_What to produce_
Your copy should hold only the lines from the one with "Trimmers come in" to the one with "Now this is", both included, each exactly as it stands below, with no pictures.

_Data records_
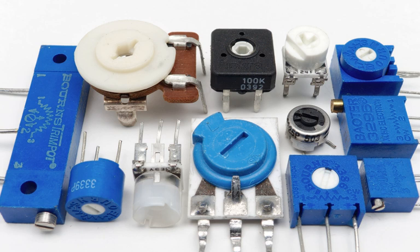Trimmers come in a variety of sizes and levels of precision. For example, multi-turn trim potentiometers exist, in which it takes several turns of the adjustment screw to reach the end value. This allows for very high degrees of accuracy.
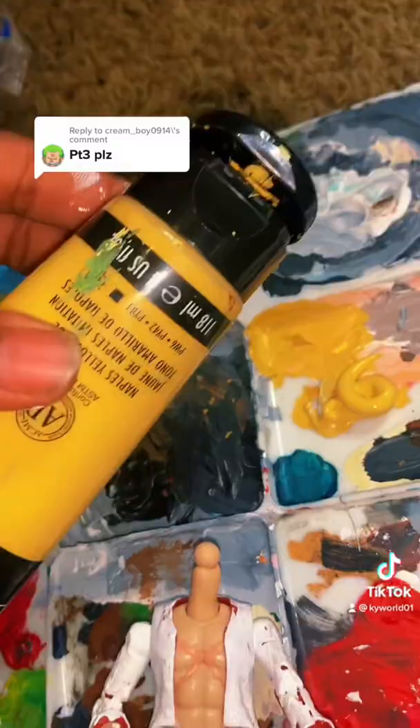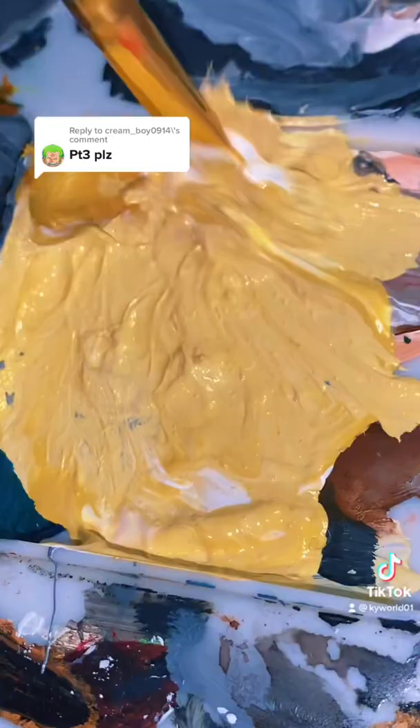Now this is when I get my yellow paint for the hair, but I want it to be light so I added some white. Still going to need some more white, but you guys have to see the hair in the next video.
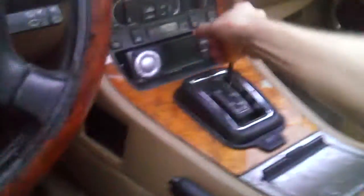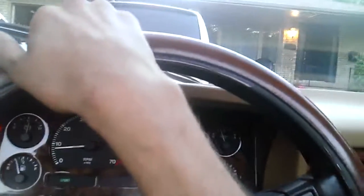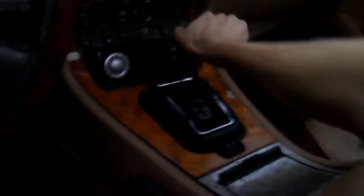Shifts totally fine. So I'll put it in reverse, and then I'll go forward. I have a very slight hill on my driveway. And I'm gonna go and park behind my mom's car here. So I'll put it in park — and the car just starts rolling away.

---

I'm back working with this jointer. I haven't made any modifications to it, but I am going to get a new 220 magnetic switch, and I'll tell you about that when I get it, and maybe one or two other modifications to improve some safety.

_Expected answer_
Trimmers come in a variety of sizes and levels of precision. For example, multi-turn trim potentiometers exist, in which it takes several turns of the adjustment screw to reach the end value. This allows for very high degrees of accuracy.
Now this is when I get my yellow paint for the hair, but I want it to be light so I added some white. Still going to need some more white, but you guys have to see the hair in the next video.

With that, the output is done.